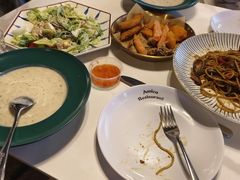 -清真·艾美可餐厅(鹏欣水游城店)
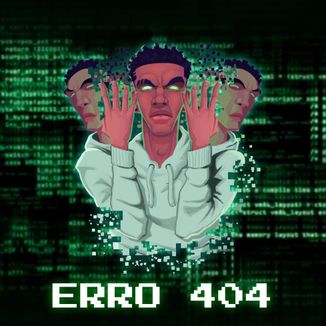 Foto da capa: ERRO 404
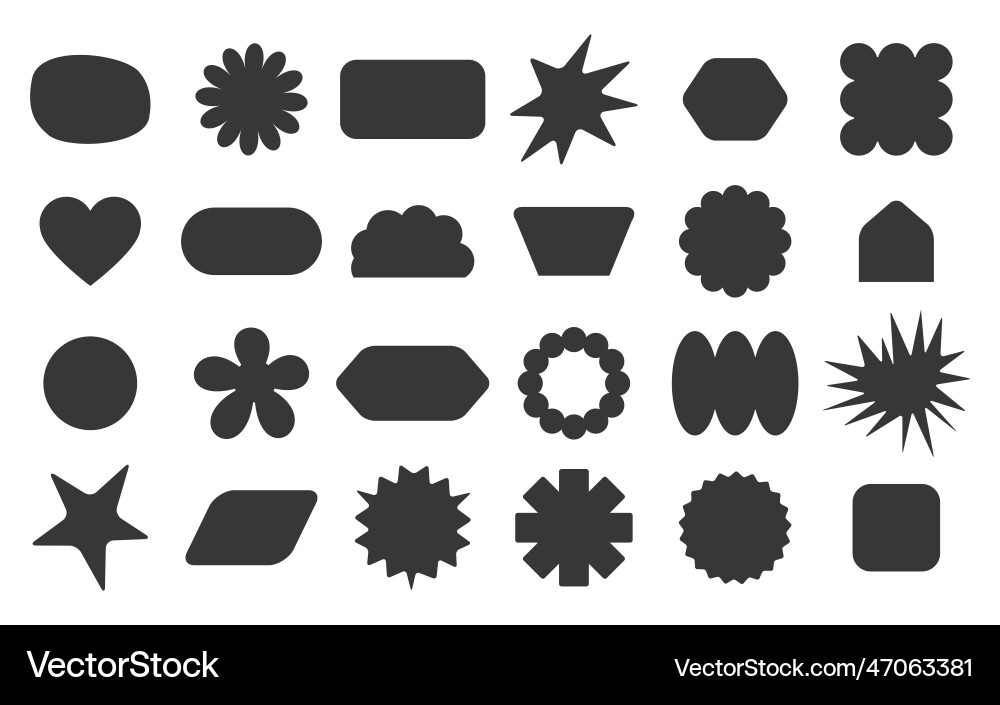 Print Royalty Free Vector Image - VectorStock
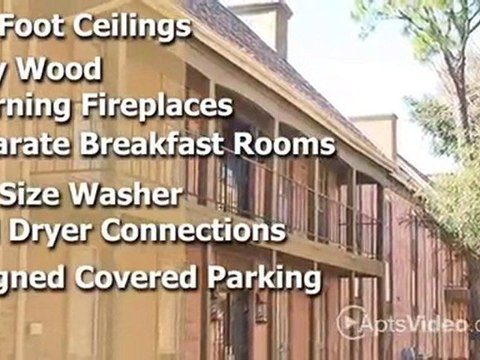 Sheffield Square Apartments in Houston, TX - ForRent.com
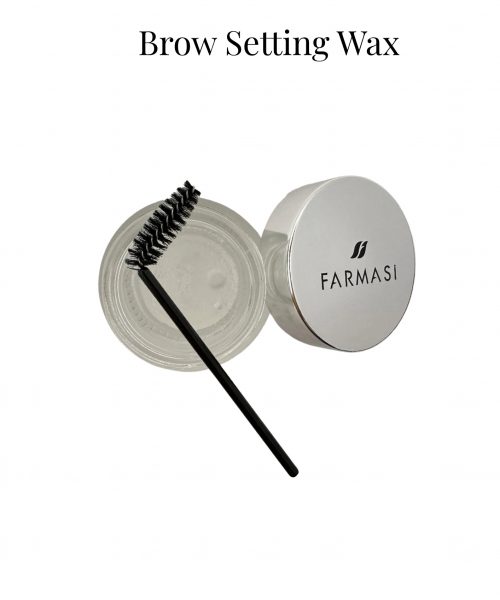 BROW SETTING WAX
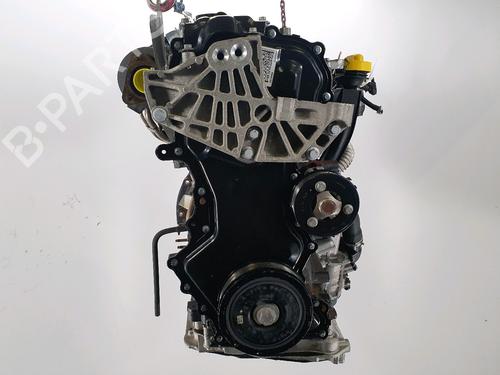 Used Engine Engine RENAULT LAGUNA III (BT0/1) 2.0 dCi (BT01, BT08, BT09, BT0E, BT0K, BT12, BT1C, BT1D,... (150 hp) 34575300 34575300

□ □ □

EXERCISE DESCRIPTION ▸
Please set down the records above verbatim, with each picture left out.

EXERCISE SOLUTION ▸
 -清真·艾美可餐厅(鹏欣水游城店)
 Foto da capa: ERRO 404
 Print Royalty Free Vector Image - VectorStock
 Sheffield Square Apartments in Houston, TX - ForRent.com
 BROW SETTING WAX
 Used Engine Engine RENAULT LAGUNA III (BT0/1) 2.0 dCi (BT01, BT08, BT09, BT0E, BT0K, BT12, BT1C, BT1D,... (150 hp) 34575300 34575300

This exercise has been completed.